É necessário buscar o caminho da responsabilidade fiscal, como fazem as famílias e empresas que têm conseguido enfrentar as crises com sabedoria, administrando os seus recursos com parcimônia, preparando-se nos períodos de vacas gordas para enfrentar os de vacas magras. O país precisa buscar uma trajetória sustentável da dívida pública pela contenção dos gastos correntes, de modo a recuperar espaço para investimentos, cuja taxa vem caindo há muitos trimestres. O desenvolvimento econômico, como sabemos, depende da elevação da taxa de investimento e do aumento da produtividade.

A Constituição de 1988, como bem aponta Yoshiaki Nakano, diretor da Escola de Economia da Fundação Getúlio Vargas e um dos fundadores do Movimento Brasil Eficiente (MBE), tende a desestimular o crescimento do país na medida em que classifica as despesas de pessoal e previdenciárias como obrigatórias e os investimentos públicos como discricionários. Assim, o excesso de consumo do governo, que cresce obrigatoriamente, sempre tenderá a comprimir os investimentos. Tanto que cresceu de 11% do PIB em 1991, quando os impostos representavam em torno de 25% do PIB, para os 20% atuais. E os investimentos do governo caíram, no período, de 5% do PIB para menos de 1%, apesar da expansão acelerada da carga tributária e da dívida pública.

O problema do país não é a falta de recursos nem na saúde e na educação. O governo gasta muito e gasta mal. Precisamos, acima de tudo, de mais eficiência nos dispêndios. E com certeza mais e melhores serviços públicos não dependem de mais impostos e, sim, de mais gestão. O Movimento Brasil Eficiente (MBE) vem trabalhando em uma agenda que disponibilize ferramentas de apoio à qualidade destes gastos. Como a criação do Conselho de Gestão Fiscal, uma instituição fiscal independente que tem sido fundamental na busca do equilíbrio das contas públicas em vários países. Encaminhado pelo senador Paulo Bauer, o projeto de lei foi aprovado, por unanimidade, no Senado, e agora tramita na Câmara Federal sob o número 210/2015. Além do que, com o especial apoio do economista Paulo Rabello de Castro, cofundador e coordenador do MBE, estão em implantação leis de eficiência na gestã o pública em alguns estados, até porque tanto quanto o governo federal, todos eles precisam se comprometer com o equilíbrio das suas contas e evitar que a renegociação das dívidas com a União estimule mais gastos como temos visto no passado. A história mostra que orçamentos generosos têm sido um incentivo ao excesso de gastos, desperdícios e desvios.

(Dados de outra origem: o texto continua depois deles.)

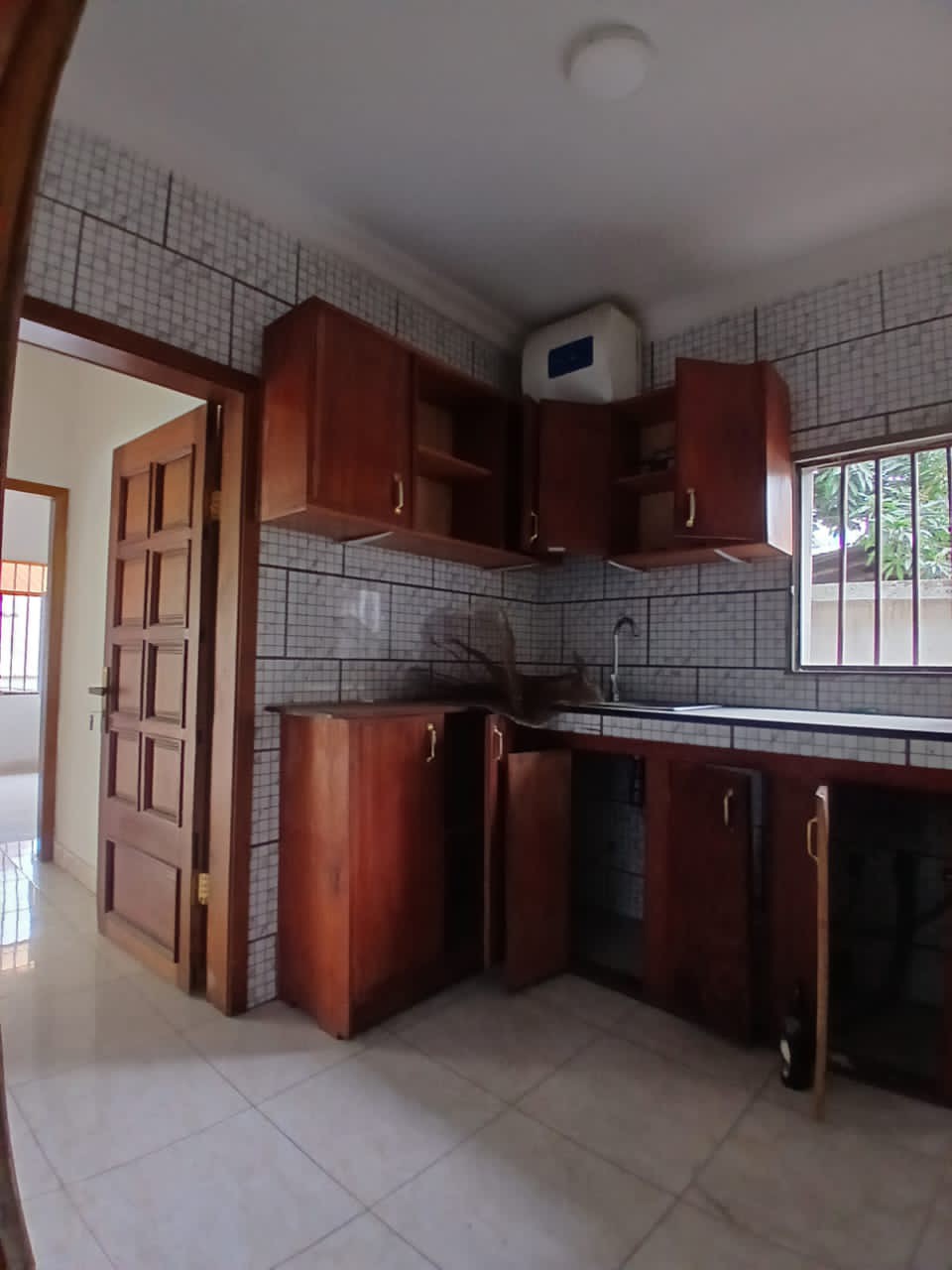 scaled_1001932092 Appartement à Louer – Ngaliema, Kinshasa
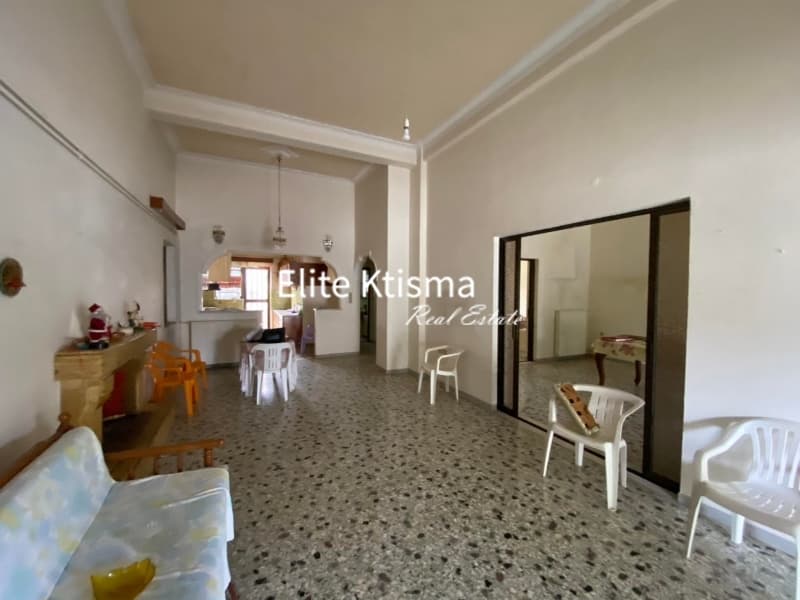 House in Venio Daskaleiou, Keratea — Photo 1 of 25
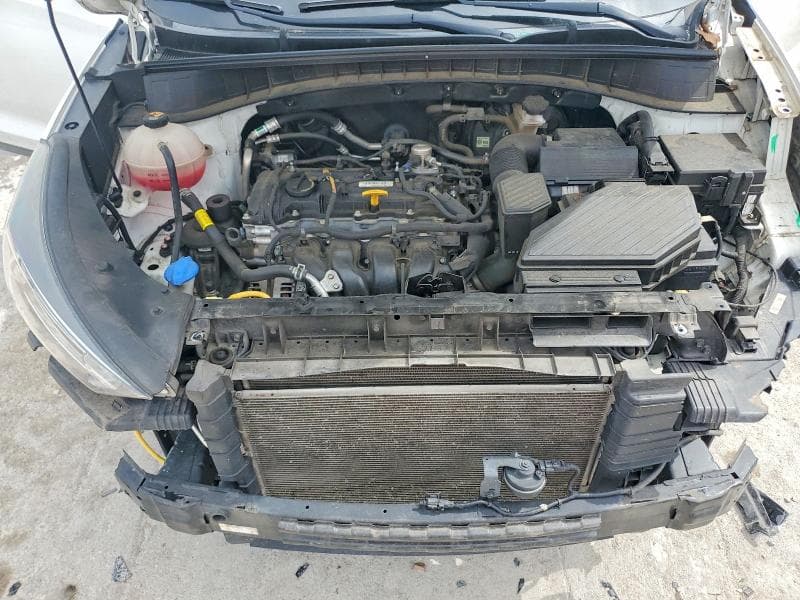 2021 HYUNDAI TUCSON SE SE 12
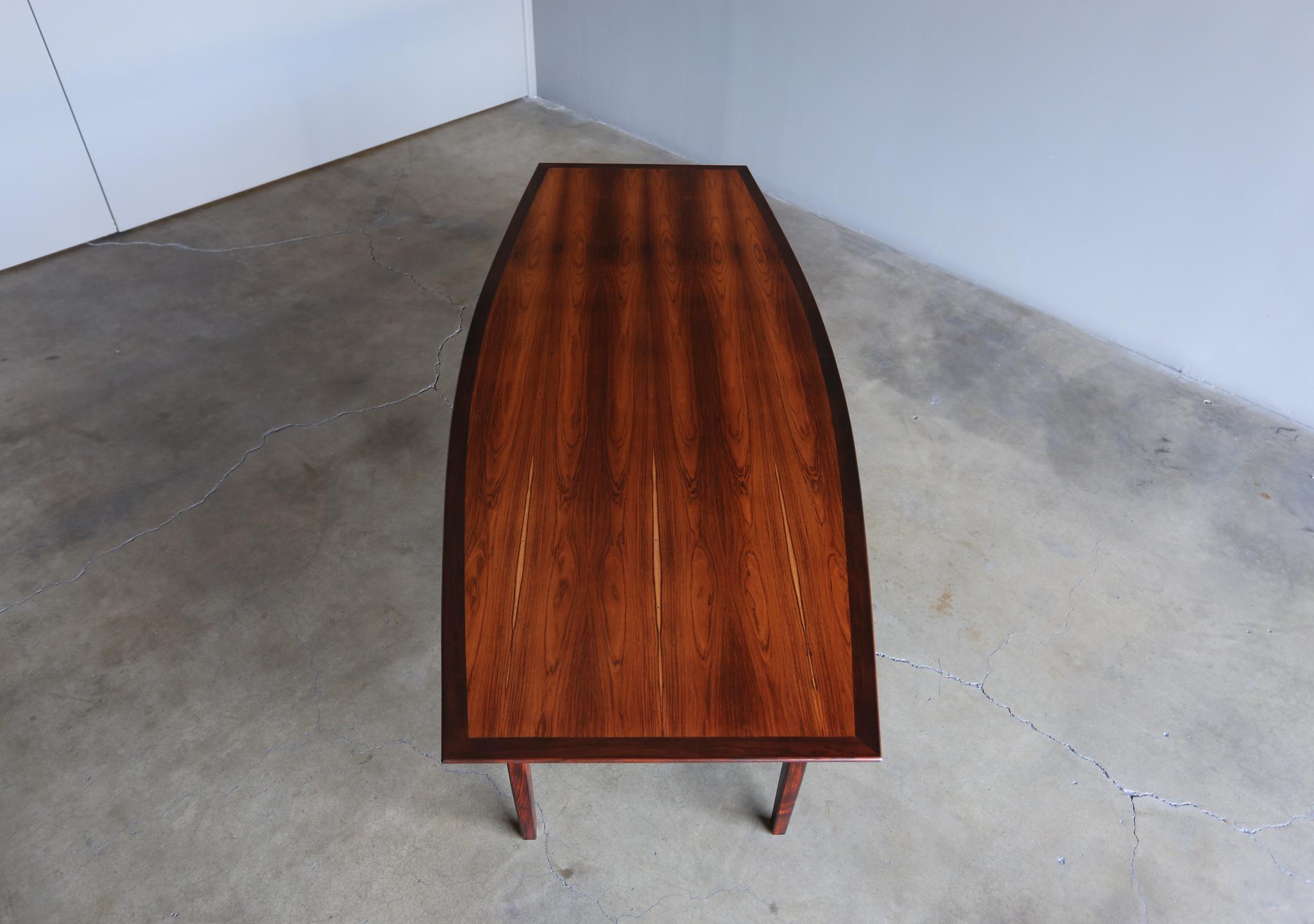 American Florence Knoll Rosewood Dining Table Distributed by FORMA Brazil,  circa 1960 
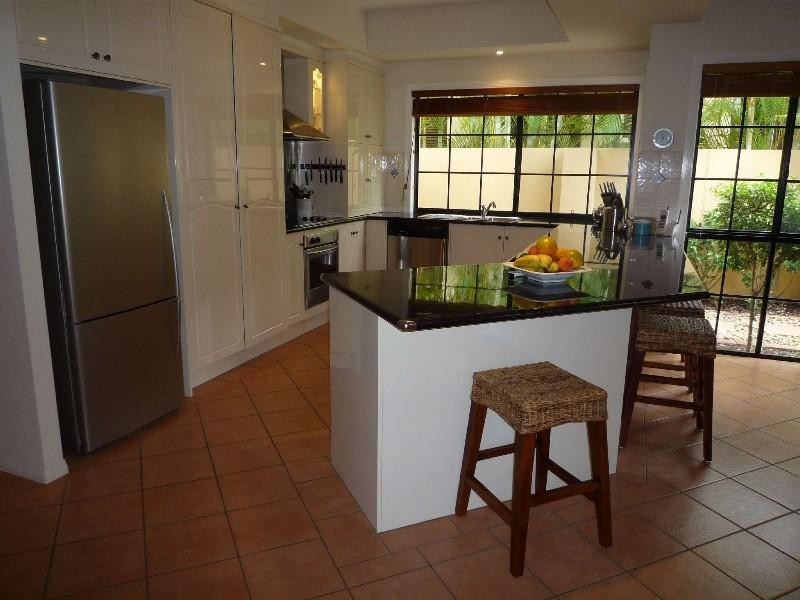 17 Nottinghill Gate Drive, Arundel QLD 4214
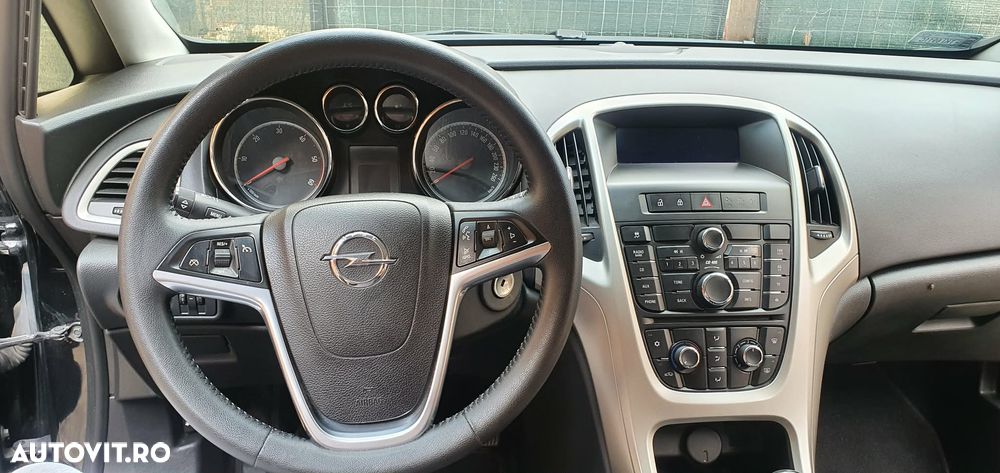 Opel Astra 1.7 CDTI - 11
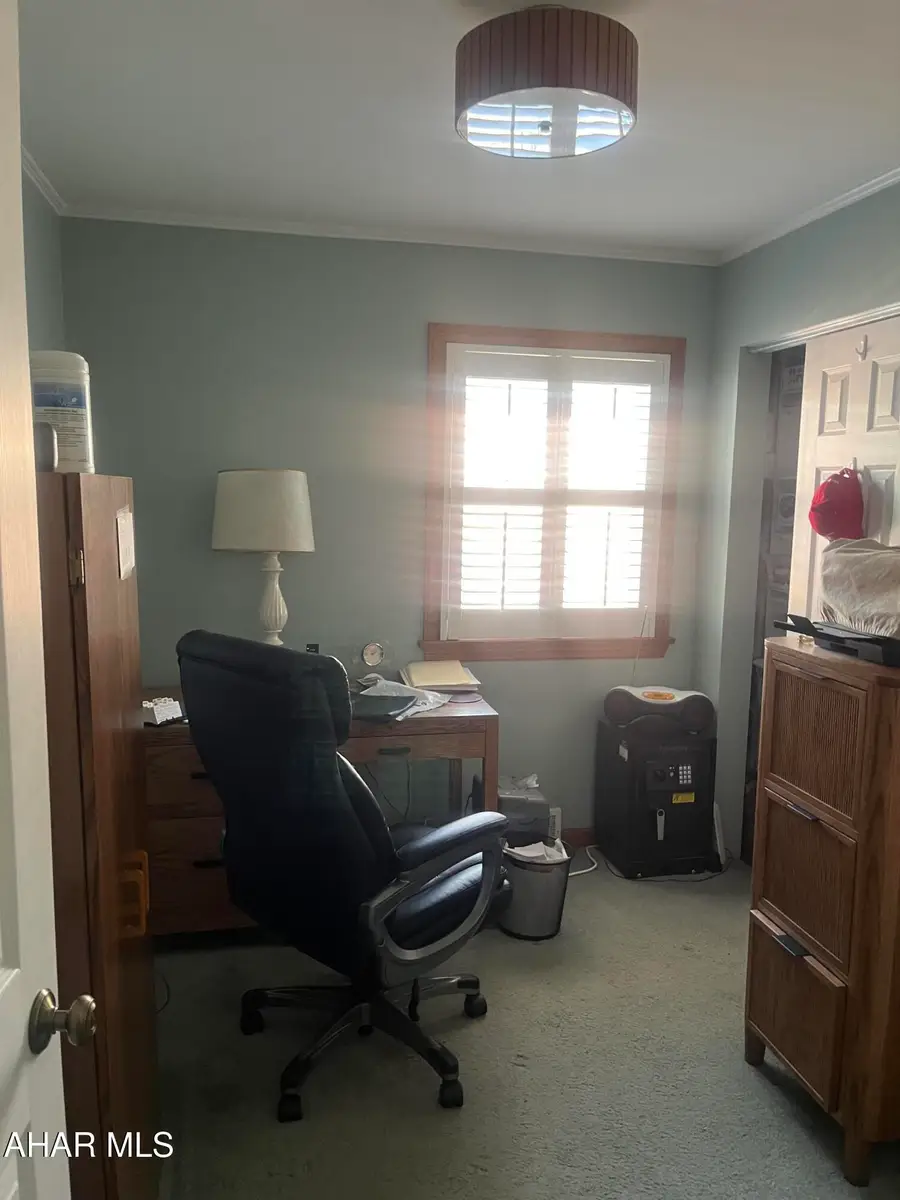 201 Washington Avenue, Hollidaysburg, PA 16648 - #3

A condução irresponsável da coisa pública, como se as fontes de recursos fossem inesgotáveis, cobra o seu preço. Colhemos uma economia pouco competitiva, uma carga tributária sufocante, taxa de desemprego de 12%, serviços públicos de péssima qualidade e governos quebrados. Está claro que esse modelo não funciona, que esse ciclo se encerrou. O próximo começa pela reforma fiscal para que o país possa voltar a crescer e gerar empregos.

Publicado no Jornal Correio Braziliense em 23/02/2017.

Fazer mais com menos

A Constituição de 1988, como bem aponta Yoshiaki Nakano, diretor da Escola de Economia da Fundação Getúlio Vargas e um dos fundadores do Movimento Brasil Eficiente (MBE), tende a desestimular o crescimento do país, já que classifica gastos correntes – despesas de pessoal e previdenciárias – como obrigatórios e os investimentos públicos como discricionários. Assim, o excesso de consumo do governo, que cresce obrigatoriamente, sempre tenderá a comprimir os investimentos. Tanto que cresceu de 11% do PIB em 1991, quando os impostos representavam em torno de 25% do PIB, para os 20% atuais. E os investimentos do governo caíram no período de 5% do PIB para menos de 1%, apesar da expansão acelerada da carga tributária, para 36% do PIB, e da dívida pública. Os gastos correntes subiram a uma velocidade muito superior à do crescimento da economia, em trajetória insustentável.

Por outro lado, investimentos decrescentes criam gargalos para o crescimento, mais ainda se são de baixa qualidade, têm desvios e atendem interesses políticos. Muitos dos monumentais estádios construídos ou reformados para a Copa de 2014 estão sem uso. A Ferrovia de Integração Oeste-Leste implantada para agradar o governo de plantão na Bahia, e hoje paralisada. A Transnordestina, a Transposição do Rio São Francisco e as refinarias da Petrobras planejadas para o Maranhão, o Ceará e o Rio de Janeiro. Nenhum desses projetos tem ou teria taxa de retorno positiva e não cobrem nem o custo de capital. Enquanto isso, as reais prioridades têm pouca atenção – a coleta de esgoto, por exemplo, atende apenas metade da população, contra 99% no Chile.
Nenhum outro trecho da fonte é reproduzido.